Among the lines of data below, reproduce only those from the one with "UP: Students will" through the one with "296 Main St, Milford, MA 01757", exactly as they stand, both ends included.

*** DATA EXTRACTS ***

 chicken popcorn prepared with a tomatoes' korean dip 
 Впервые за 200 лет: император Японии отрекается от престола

***
*** DATA EXTRACTS ***

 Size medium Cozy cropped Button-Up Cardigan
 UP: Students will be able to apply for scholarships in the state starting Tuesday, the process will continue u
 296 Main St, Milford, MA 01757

***
*** DATA EXTRACTS ***

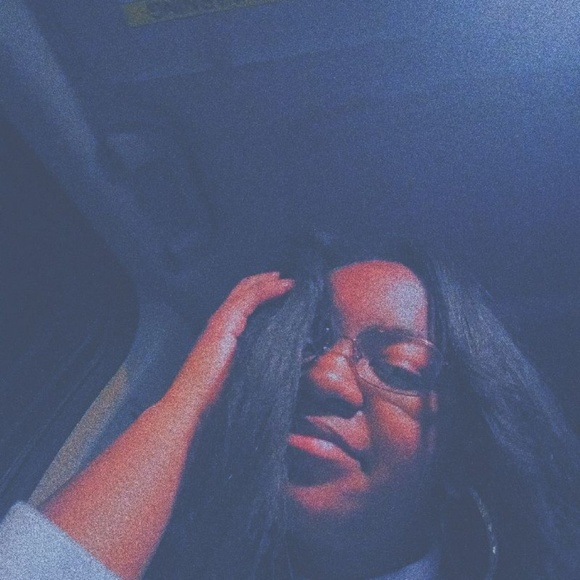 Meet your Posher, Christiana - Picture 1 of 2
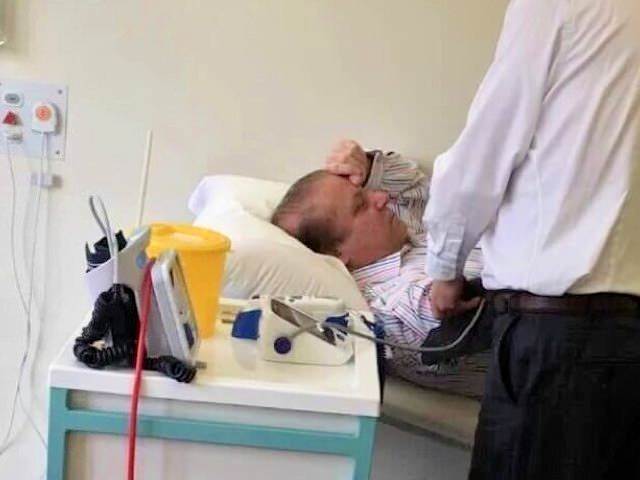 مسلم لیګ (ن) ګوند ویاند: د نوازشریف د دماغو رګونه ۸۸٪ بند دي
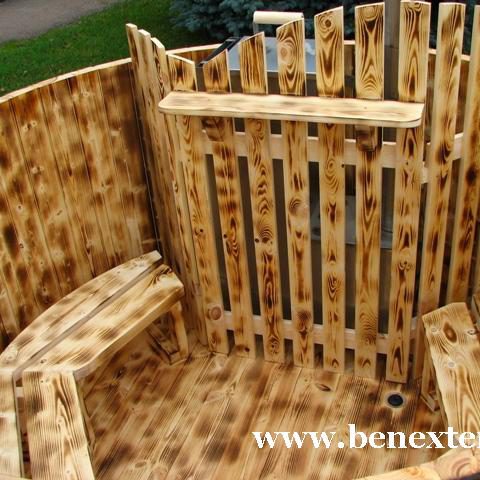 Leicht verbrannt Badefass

***

REPLY>
 UP: Students will be able to apply for scholarships in the state starting Tuesday, the process will continue u
 296 Main St, Milford, MA 01757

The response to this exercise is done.